Django Advent: Scaling Django. Mike Malone’s advice on scaling Django applications, including taking advantage of new features in 1.2.
PiCloud. An interesting twist on cloud computing for Python. “import cloud; cloud.call(my_function, arguments)” serialises my_function and its arguments, pushes it up to one of their EC2 servers and hands you back a job ID which you can poll (or block on) for a response. They suggest using it for long running tasks such as web crawling or image processing.
Internet Explorer Cookie Internals (FAQ). Grr... IE 6, 7 and 8 don’t support the max-age cookie argument, forcing you to use an explicit expiry date instead. This appears to affect the cache busting cookie pattern, where you set a cookie to expire in 30 seconds for any user who posts content and use the presence of that cookie to skip caches and/or send their queries to a master instead of slave database. If you have to use expires, users with incorrect system clocks may get inconsistent results. Anyone know of a workaround?
Using Bash’s History Effectively. The HISTIGNORE environment variable is particularly useful, allowing you to suppress certain commands by specifying a pattern. This article has a tip for causing a command to be omitted from the history if you prefix it with a space.
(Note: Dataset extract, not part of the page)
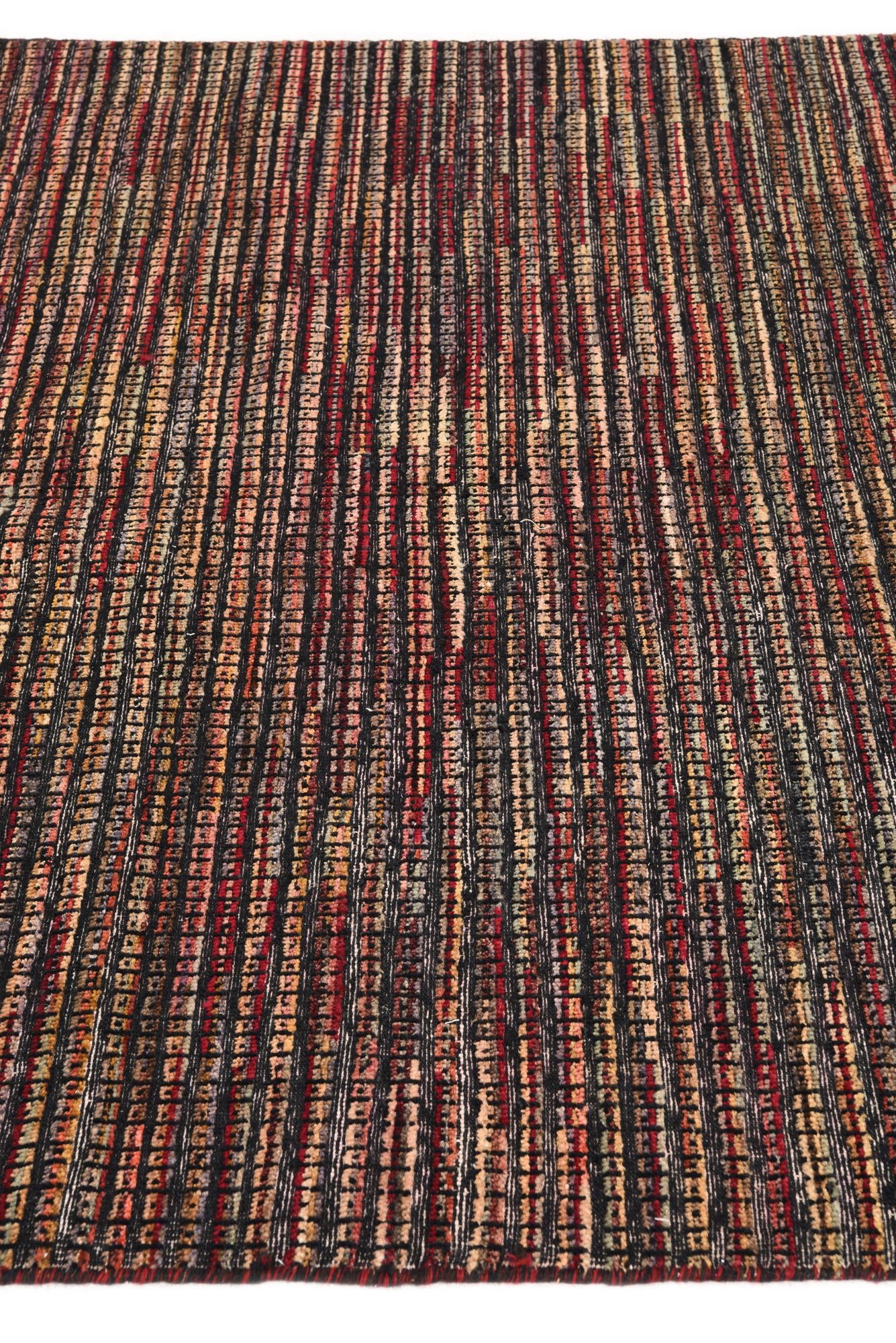 5' 6 x 8' Hand Knotted Darya Wool Rug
Hg Init. Joel Spolsky’s guide to Mercurial. If you’re still using a non-distributed version control system like Subversion, this is a great introduction to the new world order.
“Do” it fast! Tim Caswell’s Do library has been upgraded for compatibility with Node v0.1.30, and now has a clever Do.convert() method which wraps Node’s low-level APIs with the Do libraries “continuable” abstraction.